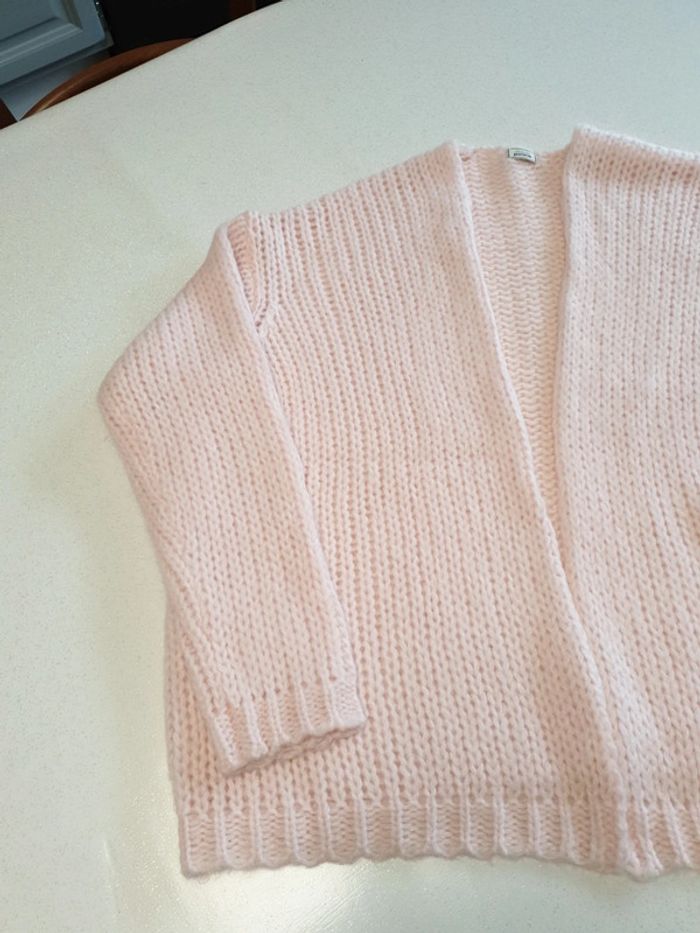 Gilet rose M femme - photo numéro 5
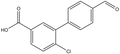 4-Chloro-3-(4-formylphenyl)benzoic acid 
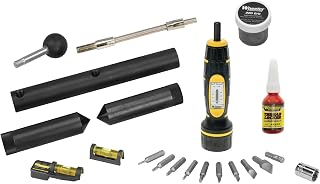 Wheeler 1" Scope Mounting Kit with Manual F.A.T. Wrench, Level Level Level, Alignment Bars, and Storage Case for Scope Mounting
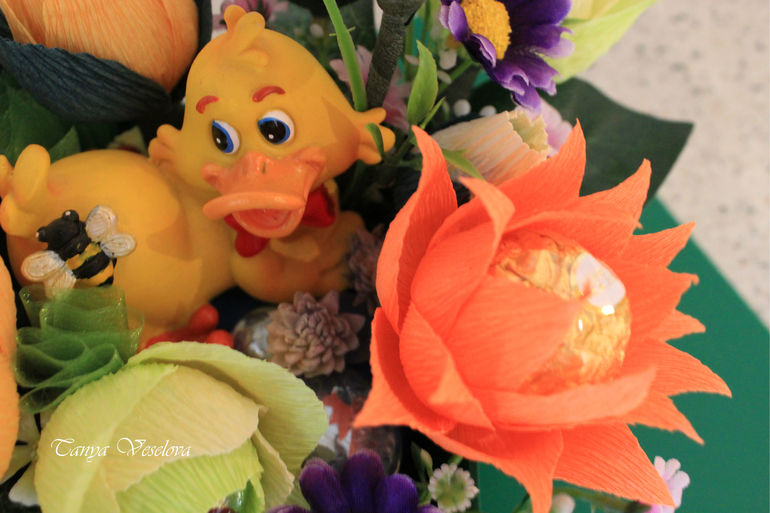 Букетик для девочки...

WHAT YOU ARE ASKED TO DO
The whole listing above should be restated word for word, minus any images.

EXERCISE RESPONSE
 Gilet rose M femme - photo numéro 5
 4-Chloro-3-(4-formylphenyl)benzoic acid 
 Wheeler 1" Scope Mounting Kit with Manual F.A.T. Wrench, Level Level Level, Alignment Bars, and Storage Case for Scope Mounting
 Букетик для девочки...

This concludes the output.